The gate dielectric layer 162 may include at least one of silicon oxide and a high-K dielectric. The high dielectric may include a metal oxide or a metal oxynitride. For example, the high dielectric material may be formed of HfO2, HfSiO, HfSiON, HfTaO, HfSiO, HfZrO, ZrO2, Al2O3, or combinations thereof, but the present disclosure is not limited thereto. The gate dielectric layer 162 may be formed of a single layer or multiple layers of the materials described above.

The gate electrode 165 may be disposed on at least one side of the gate dielectric layer 162, on the lower insulating layers 101. The gate electrode 165 may be spaced apart from the vertical patterns 140 by the gate dielectric layer 162. In some implementations, the first gate electrode 165_1 is spaced apart from the first vertical patterns 140_1 by the first gate dielectric layer 162_1.

In some implementations, the gate electrode 165 alternately includes a portion having a first width in the first horizontal direction (X), and a portion having a second width greater than the first width, and extends in the second horizontal direction (Y), forming a structure of vertical patterns 140 intermittently extending on the side surface of the back gate structure 130 with the gate dielectric layer 162 conformally covering the same. For example, as the gate electrode 165 can include one side extending in the second horizontal direction (Y-direction) and the other side facing the one side and in contact with the gate dielectric layer 162, portions having the first width and the second width may be alternately repeated.

In some implementations, the gate electrode 165 is disposed to surround three surfaces of the vertical pattern 140.

The gate electrode 165 may have a length shorter than the length of the gate dielectric layer 162 in the vertical direction Z or the length of each of the vertical patterns 140. The gate electrode 165 may be spaced apart from the lower insulating layers 101, and the intermediate insulating layer 103 may fill a space between the lower insulating layers 101 and the gate electrode 165. Also, the gate electrode 165 may be spaced apart from the upper insulating layers 107, and the gate capping layer 166 may be disposed between the upper insulating layers 107 and the gate electrode 165. This can prevent the gate electrode 165 from overlapping with the first and second source/drain regions 140SD1 and 140SD2 in the horizontal direction perpendicular to the vertical direction Z.

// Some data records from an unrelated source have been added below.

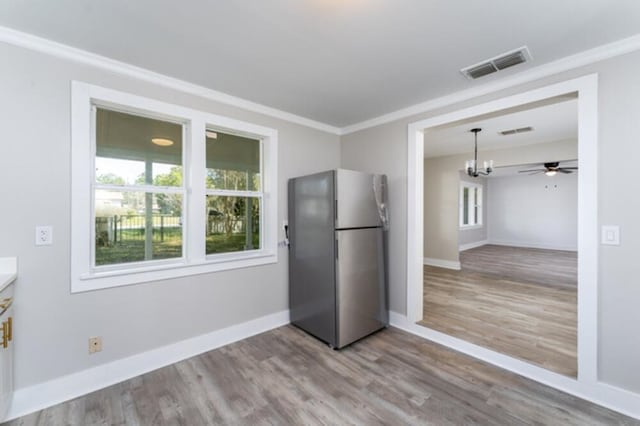 181 E Center St, Perry, FL 32348 - kitchen with freestanding refrigerator, wood finished floors, a chandelier, ornamental molding, and pendant lighting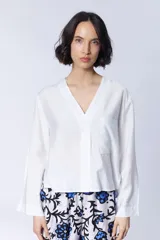 Camisa blanca de manga larga con cuello en V, cierre frontal de botones y un bolsillo de parche en el pecho.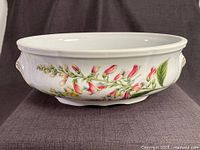 Right side view showing floral Genista & Digitalis design and gold rim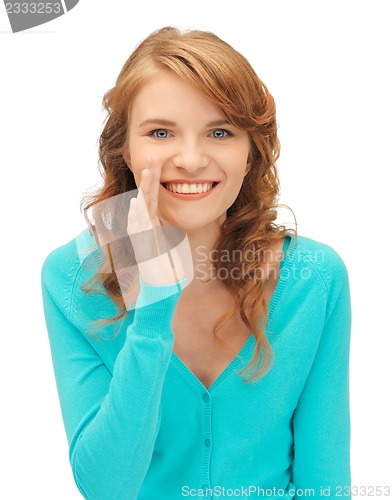 Image of teenage girl whispering gossip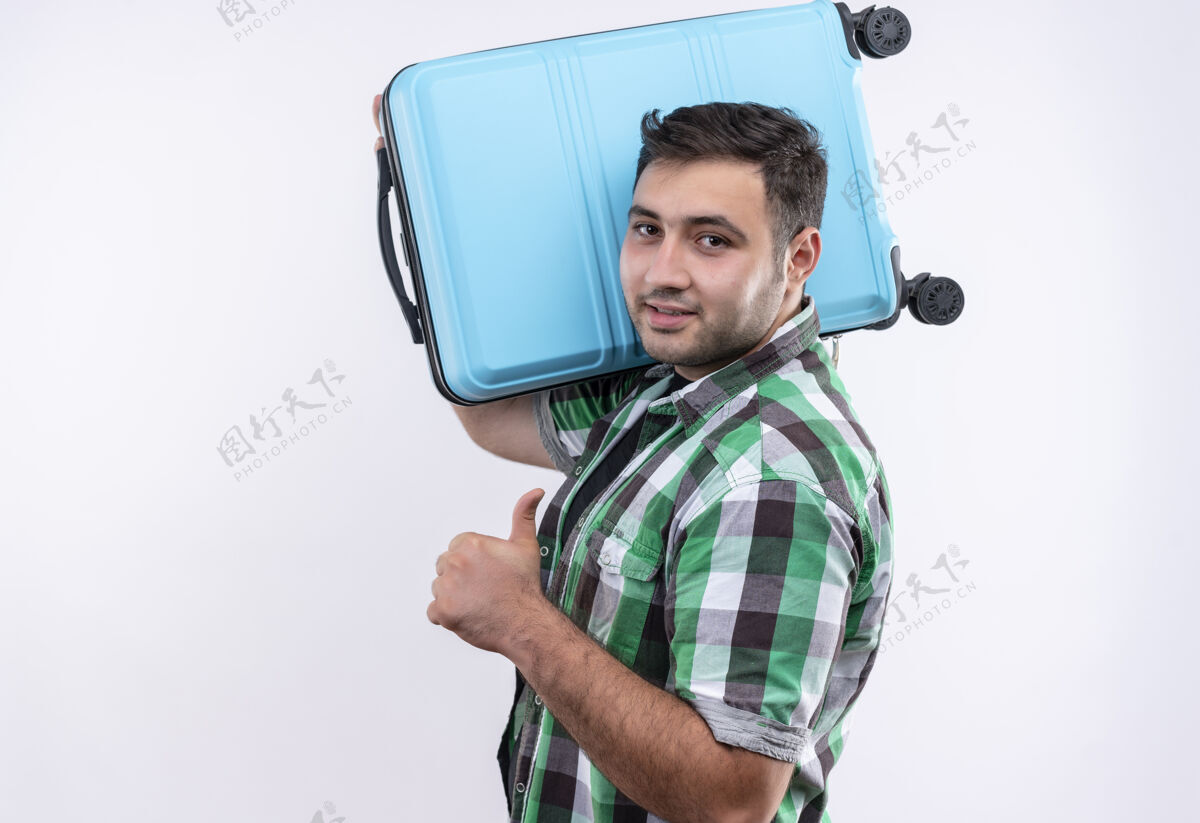 假期穿着格子衬衫的年轻旅行家手拿手提箱 竖起大拇指 微笑着自信地站在白墙上旅行假期公民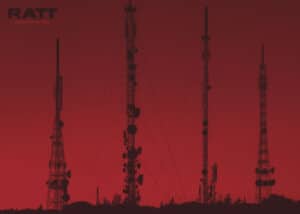 Array of advanced antenna towers silhouetted against dusk sky, symbolizing robust radio transmission technology.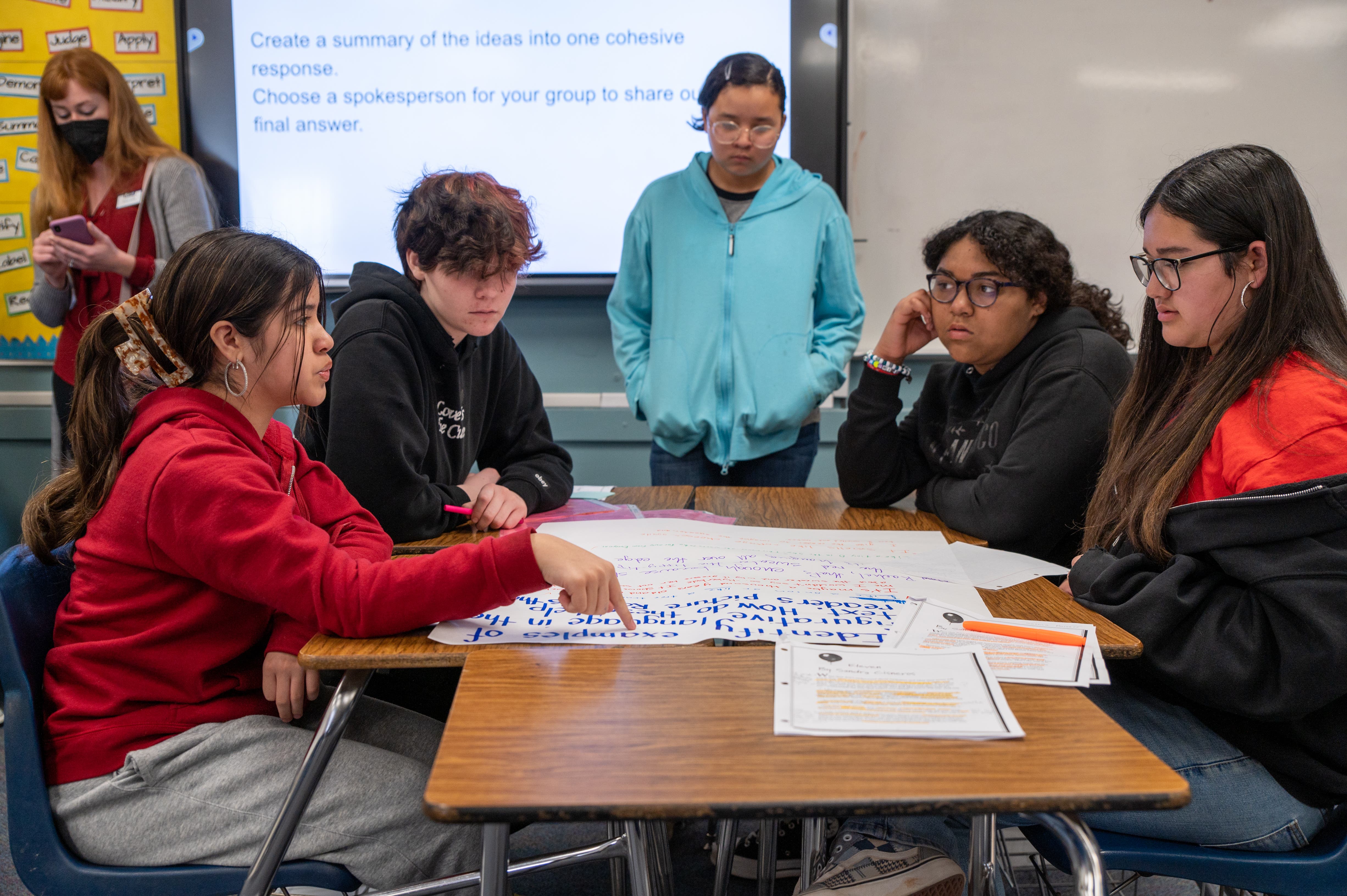Students working together on a project in a classroom setting, with a teacher in the background.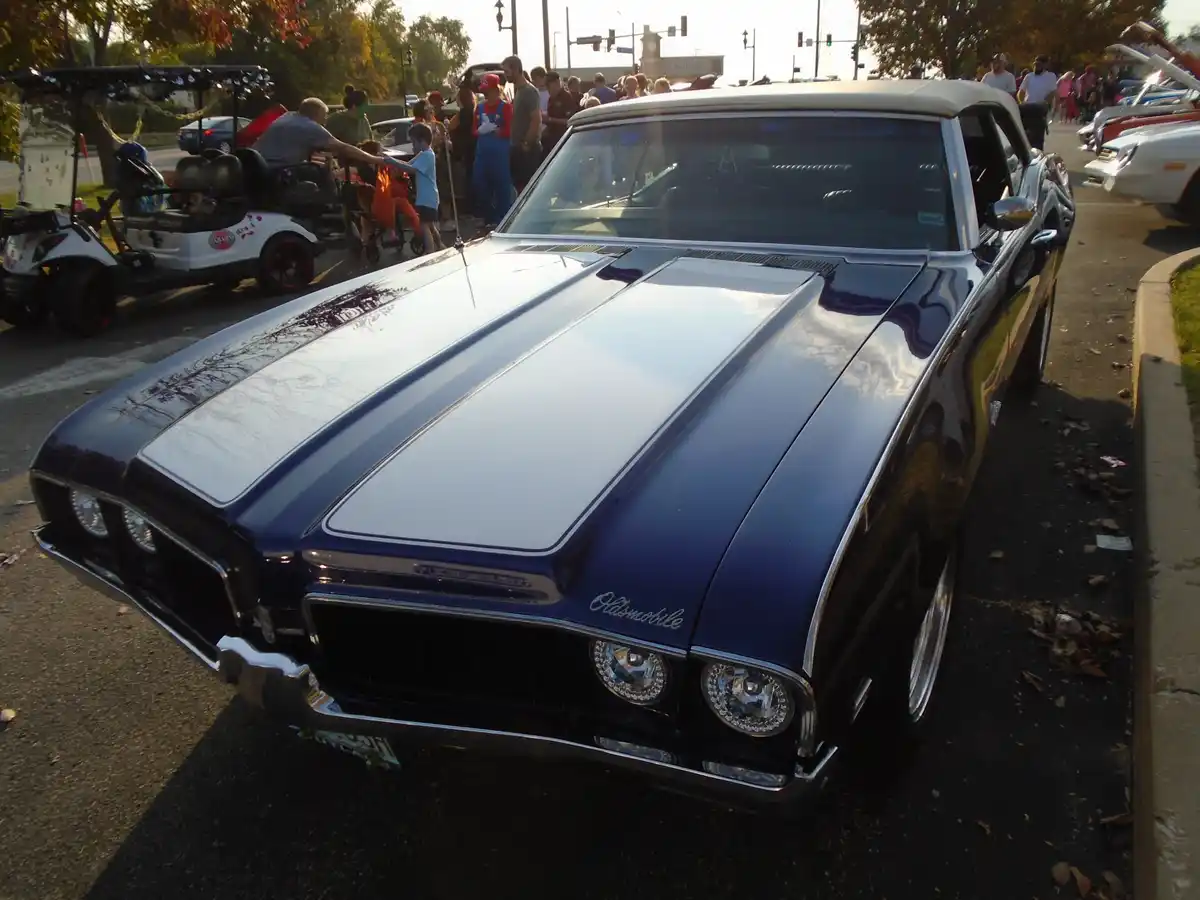 A shiny blue and white Oldsmobile classic car with chrome details is parked at an outdoor event, surrounded by people and…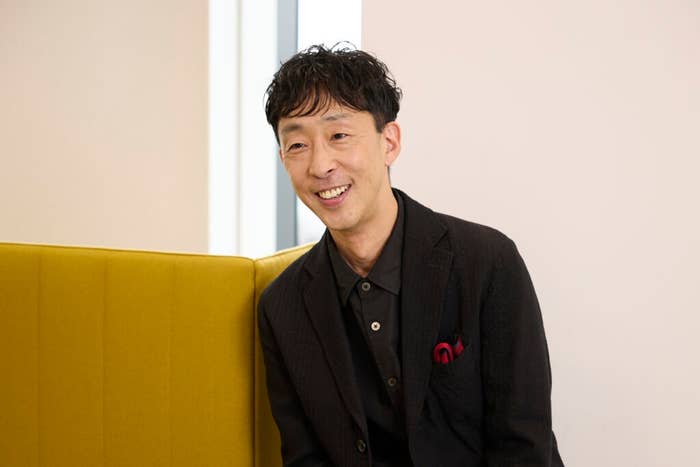 有名人と思われる男性が、シンプルな黒のスーツを着て座り、こちらを見て微笑んでいます。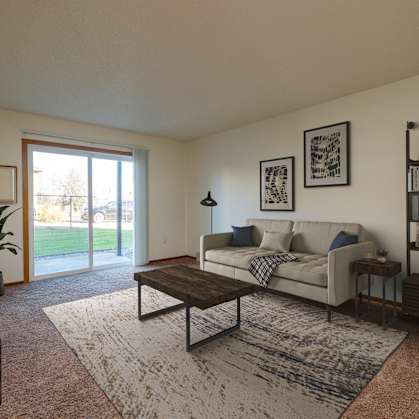 an open living room with a couch and a coffee table. Fargo, ND Maybrook Apartments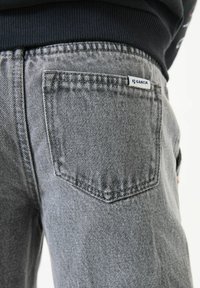 Jeans in denim grigio con una tasca posteriore dotata di un'etichetta bianca con la scritta "GARCÍA". Il tessuto presenta una finitura testurizzata e un design classico.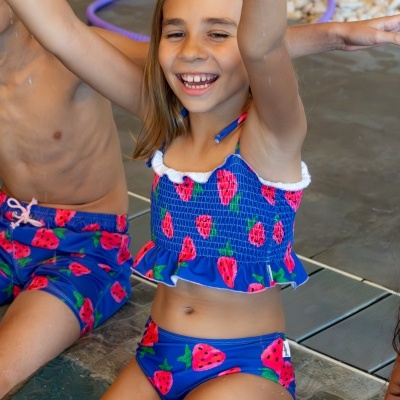 Menina com fato de banho azul com padrão de morangos vermelhos à beira de piscina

The gate electrode 165 may include doped polysilicon, metal, conductive metal nitride, metal-semiconductor compound, conductive metal oxide, conductive graphene, carbon nanotube, or combinations thereof. For example, the gate electrode 165 may be formed of doped polysilicon, Al, Cu, Ti, Ta, Ru, W, Mo, Pt, Ni, Co, TiN, TaN, WN, NbN, TiAl, TiAlN, TiSi, TiSiN, TaSi, TaSiN, RuTiN, NiSi, CoSi, IrOx, RuOx, graphene, carbon nanotubes, or combinations thereof, but the present disclosure is not limited thereto. The gate electrode 165 may include a single layer or multiple layers of the aforementioned materials.

The gate capping layer 166 may be disposed on the gate electrode 165. The gate capping layer 166 may be disposed to extend along at least one side of the gate dielectric layer 162. In some implementations, the gate capping layer 166 completely overlaps the gate electrode 165 in the vertical direction (Z direction). In some implementations, the first gate capping layer 166_1 extends along at least one side of the first gate dielectric layer 162_1 on the first gate electrode 165_1.

The gate capping layer 166 may include an insulating material such as silicon oxide, silicon nitride, silicon oxynitride (SiON), or silicon carbonitride (SiCN). In some implementations, the gate capping layer 166 includes a material different from a material of the intermediate insulating layer 103. The gate capping layer 166 may include, for example, silicon nitride.

Referring to FIG. 3, each of the first vertical patterns 140_1 may have a first side surface 140S1 and a second side surface 140S2 opposite to the first side surface 140S1. The first front gate structure 160_1 may face the first side surface 14051, and the back gate structure 130 may face the second side surface 140S2. The first gate electrode 165_1 is disposed on the first side surface 140S1, and the first gate dielectric layer 162_1 may include a portion disposed between the first vertical patterns 140_1 and the first gate electrode 165_1. The back gate electrode 135 may be disposed on the second side surface 140S2, and the first dielectric structure 132_1 may include a portion disposed between the first vertical patterns 140_1 and the back gate electrode 135. The first dielectric structure 132_1 may contact the second side surface 140S2 of the first vertical patterns 140_1 and the side surface of the back gate electrode 135 facing the second side surface 140S2, respectively.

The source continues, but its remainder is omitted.